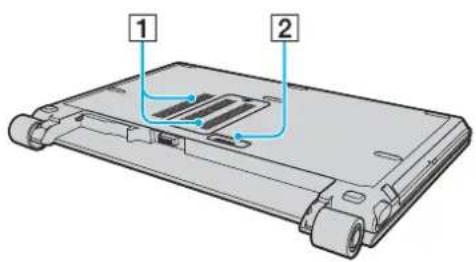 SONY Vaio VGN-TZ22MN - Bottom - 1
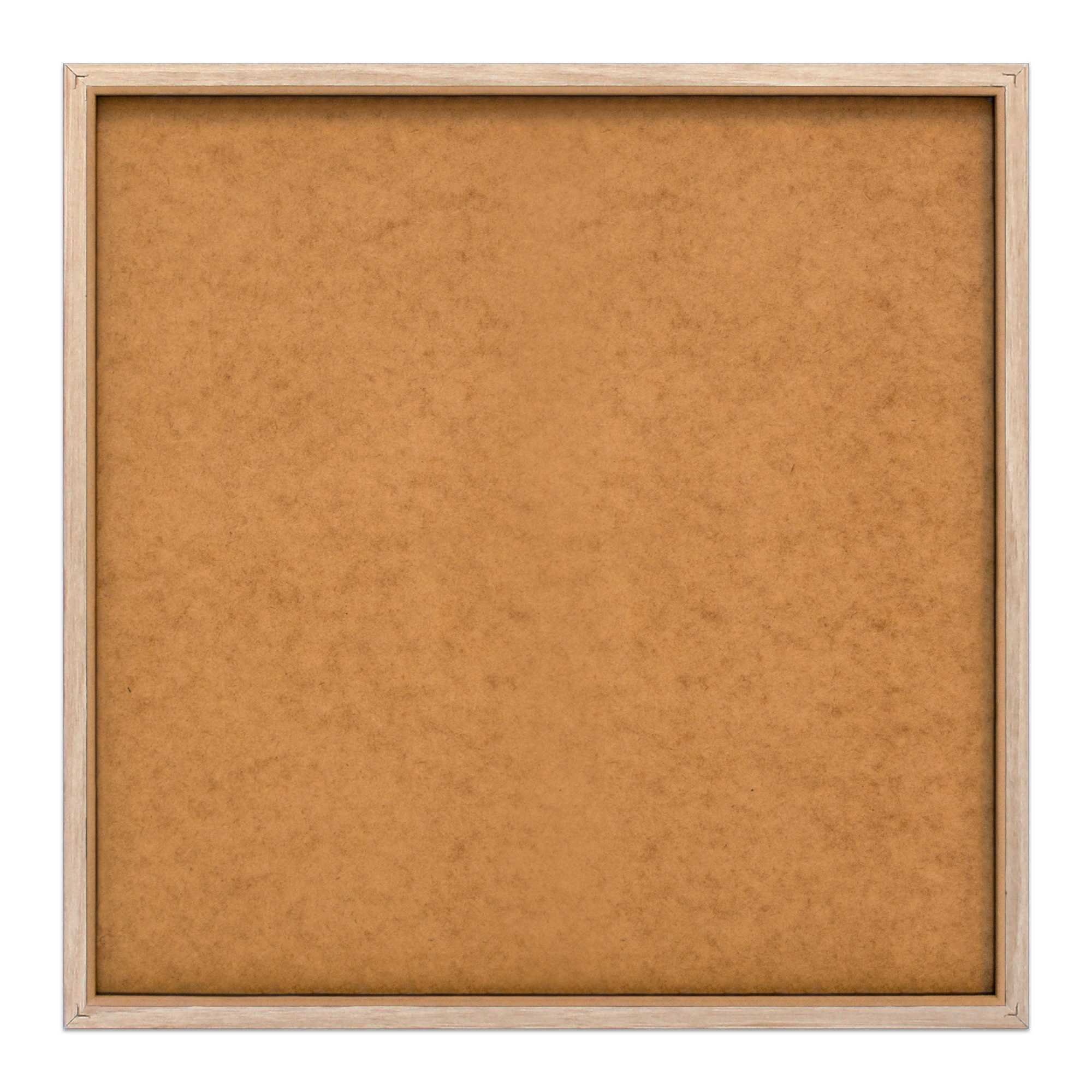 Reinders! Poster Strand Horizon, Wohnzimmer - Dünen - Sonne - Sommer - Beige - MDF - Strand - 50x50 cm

==

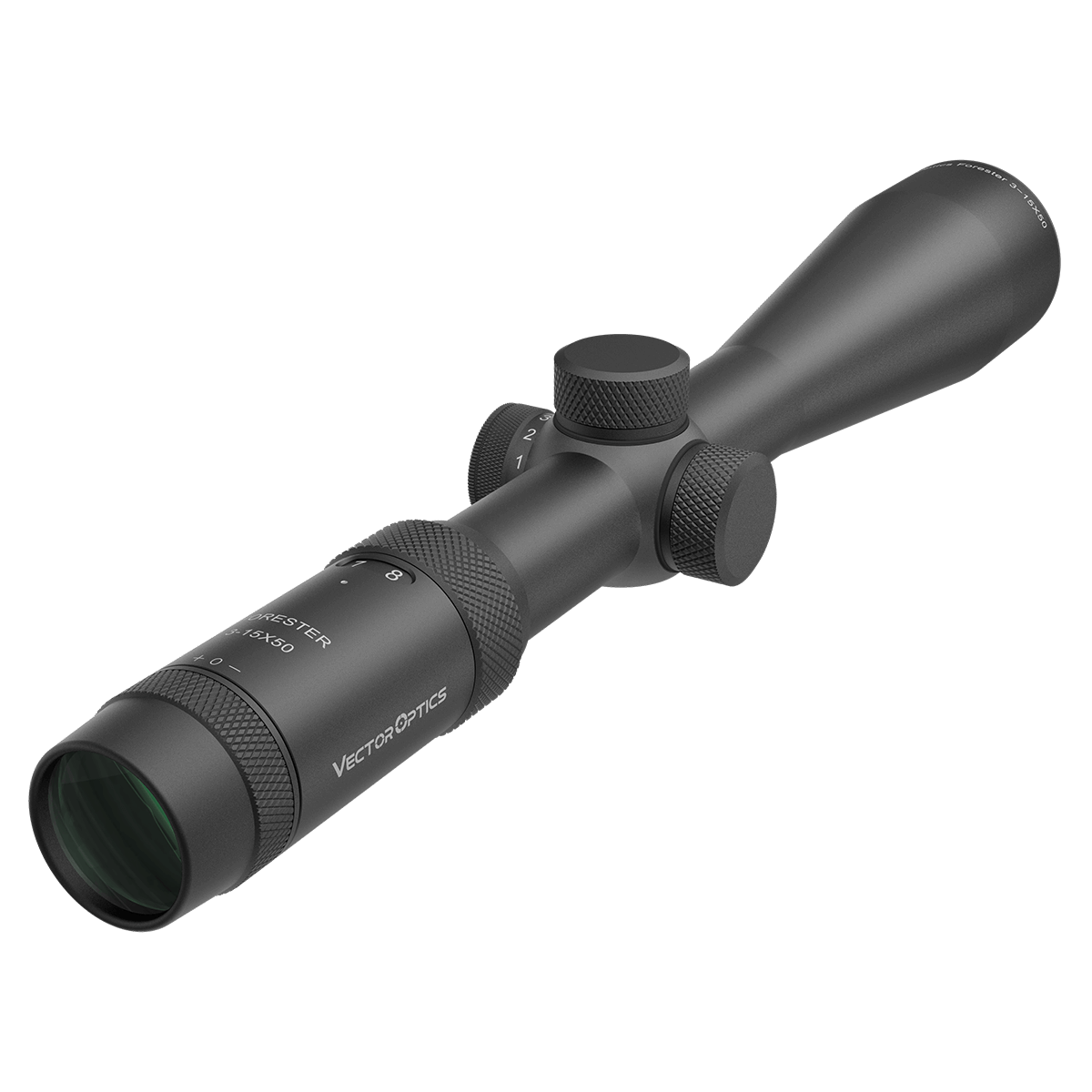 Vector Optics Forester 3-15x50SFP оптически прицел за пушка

## Try it
Using the listing above, restate exactly the range between the lines holding "SONY Vaio VGN-TZ22MN - Bottom - 1" and "Reinders! Poster Strand", inclusive, with pictures left out.

## Your solution
 SONY Vaio VGN-TZ22MN - Bottom - 1
 Reinders! Poster Strand Horizon, Wohnzimmer - Dünen - Sonne - Sommer - Beige - MDF - Strand - 50x50 cm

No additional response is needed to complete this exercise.